People don’t like to hear this because we’re sick and tired of COVID, we’re sick and tired of the pandemic, but this left an indelible mark on the economy. It is without precedent in history to shut down the U.S. economy and the better part of the world economy. And some of those shutdowns were prolonged throughout the world, especially in Asia. Reopening was always going to be a challenge because immediately after we shut down, guess what? Folks sat at home and ordered products off online suppliers since they weren’t able to travel or consume services.

Initially, during the shutdown, manufacturers and good suppliers decided to slow down production, but quickly received signals to ramp up. But they had to ramp up at a time when Asia was still shut down. You can’t build cars today without semiconductors. You have manufacturing facilities that were established over the last 15 to 20 years with unbelievably efficient, “just-in-time” inventory control, sourcing products from around the planet, and overnight, and then we blew that system up. Now people are upset because they can’t get goods. And of course, the federal government got worried whether people had enough cash, so they dumped a whole bunch more (in the form of stimulus checks) in both spring of 2020 and spring of 2021, which both political parties supported. So you have an incredible amount of money chasing a shortage of goods, which is a recipe for inflation.

The cure: slow down demand and/or get those supply chains back in order.

Q: Why does it seem like inflation is impacting people differently?

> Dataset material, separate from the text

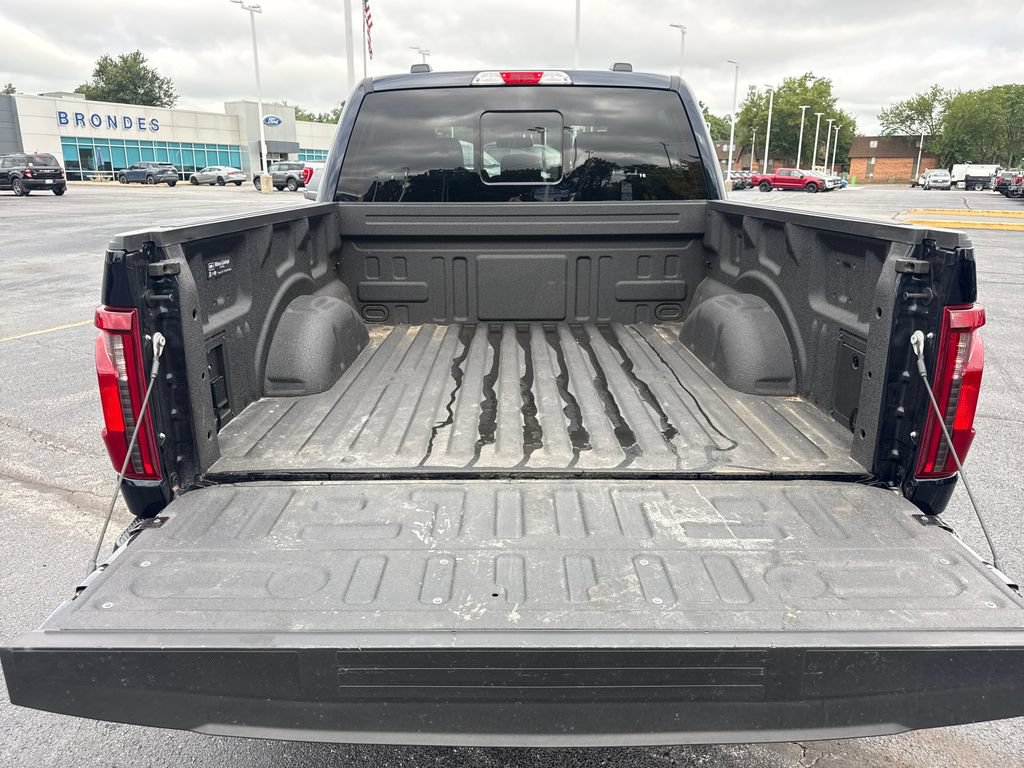 Used 2025 Ford F150 XLT w/ Equipment Group 302A MID AWD/4WD image 12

A: The problem with a recession, the problem with inflation is that it doesn’t hit everybody the same way. Folks that work from home, own their own vehicles, own their home, have a secure job, don’t have to commute anymore, have steady paychecks, haven’t had severe disruptions from the pandemic — they’re doing well. In contrast, picture individuals in Phoenix that are working on the east side of the Valley, because that’s where the preponderance of jobs are in Phoenix metro, but they’re living in the West Valley because that’s where they can afford to live; and they’re paying rent in the West Valley and commuting across town. So, their rental costs are way up. Gasoline prices are high. They had to spend way too much to get a used car because their old used car gave out on them. Those folks are in tough straits, even as job demand for their services is fairly healthy. So, picture a situation where we slip into recession. Let’s suppose they’re tied to the construction or real estate industry and real estate really slows; they might be laid off. So now you’ve got higher rents, higher commuting costs, a higher cost for your car and your job is threatened. That’s a challenging situation. So you’ve got a group that is prospering and a group that is not.